DC Edit | Will Nitish unite Opp. where others couldn't?
If the BJP top duo of Prime Minister Narendra Modi and home minister Amit Shah are playing simultaneous chess with the leaders of the Opposition, in turn and as a response, the Opposition, consciously and strategically, is playing football with the BJP.
Each time the BJP seemingly pinned down a leader, and thus the party leading the initiative, it looked like the ball, or the onus of initiating and managing Opposition unity talks, got passed on to another leader.
There was a time when Nitish Kumar was leading such an effort, when the Centre put the top family of his alliance partner, the RJD, in the dock. Immediately, it felt like Tamil Nadu chief minister M.K. Stalin had picked up the gauntlet, calling for a coalition of those who believed in social justice.
At different times, different state chief ministers and heads of their respective parties Arvind Kejriwal, Mamata Banerjee or K. Chandrashekar Rao were managing the project to unite the Opposition — when the Central agencies dug up skeletons in their cupboards.

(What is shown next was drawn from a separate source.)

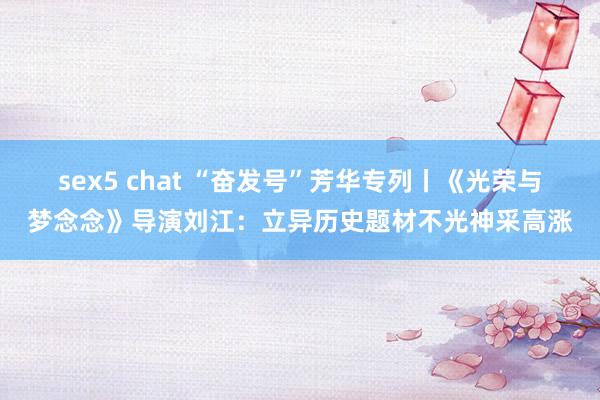 sex5 chat “奋发号”芳华专列丨《光荣与梦念念》导演刘江：立异历史题材不光神采高涨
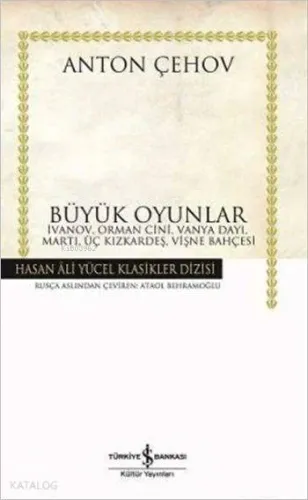 Büyük Oyunlar; İvanov, Orman Cini, Vanya Dayı, Martı, Üç Kızkardeş, Vişne Bahçesi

A similar story played out with the leaders of Maharashtra — be it the Uddhav Thackeray-led Shiv Sena or the NCP; though in their case the BJP response was not legal or investigative as much as it was political, and internal party dissension touched the acme.
The onus of taking up the responsibility to unite the Opposition for a grand national alliance — leave aside the question of whether such a coming together of anti-BJP forces would have a central or crucial role for the Congress or not — is increasingly beginning to look like wearing the Kohinoor diamond — it makes one the subject of glittering envy, which is a crowning achievement, but is risky and potentially fatal.

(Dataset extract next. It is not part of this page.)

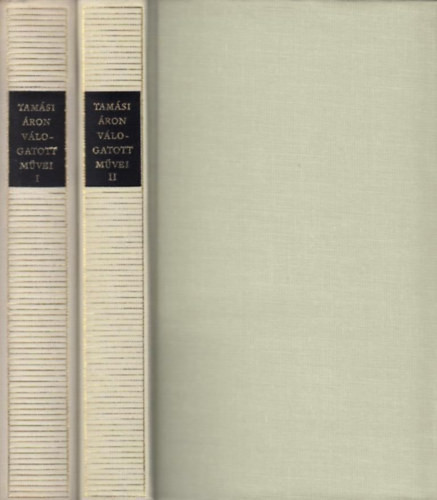 Tamási Áron: Tamási Áron válogatott művei I-II.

In such a context, when Arvind Kejriwal’s AAP is reeling from the Delhi liquor scam and the arrests of two crucial Cabinet members, when KCR is partly feeling the pressure of an ED probe into the same scam expanding to include his daughter and MLC, when Mamata Banerjee or Jharkhand CM Hemant Soren are also battling probes, the Bihar CM and JD(U) leader is once again accelerating his efforts to unite the Opposition against Prime Minister Modi.
In recent times, he has met Odisha CM Naveen Patnaik, who once again rebuffed the offer and strongly emphasised his equidistance from all national parties and fronts. Keeping his message simple, Mr Kumar is arguing that Mr Modi’s leadership is not working for most people, and in the larger national interest, it is imperative that most, if not all, Opposition leaders and parties come together.
In unity lies strength, is an old Indian political saying. When Rajiv Gandhi was reigning with an overwhelming majority in Parliament, it took almost everyone else to come together to defeat the Congress in 1989. Almost no one since has proved to be so strong in Indian politics, or so undefeatable, till Narendra Modi won a second term in 2019.
Nitish Kumar is one of the best in the business to handle this tricky task; and is finding a better response than everyone else before. Maybe he will succeed where others slipped. Maybe not.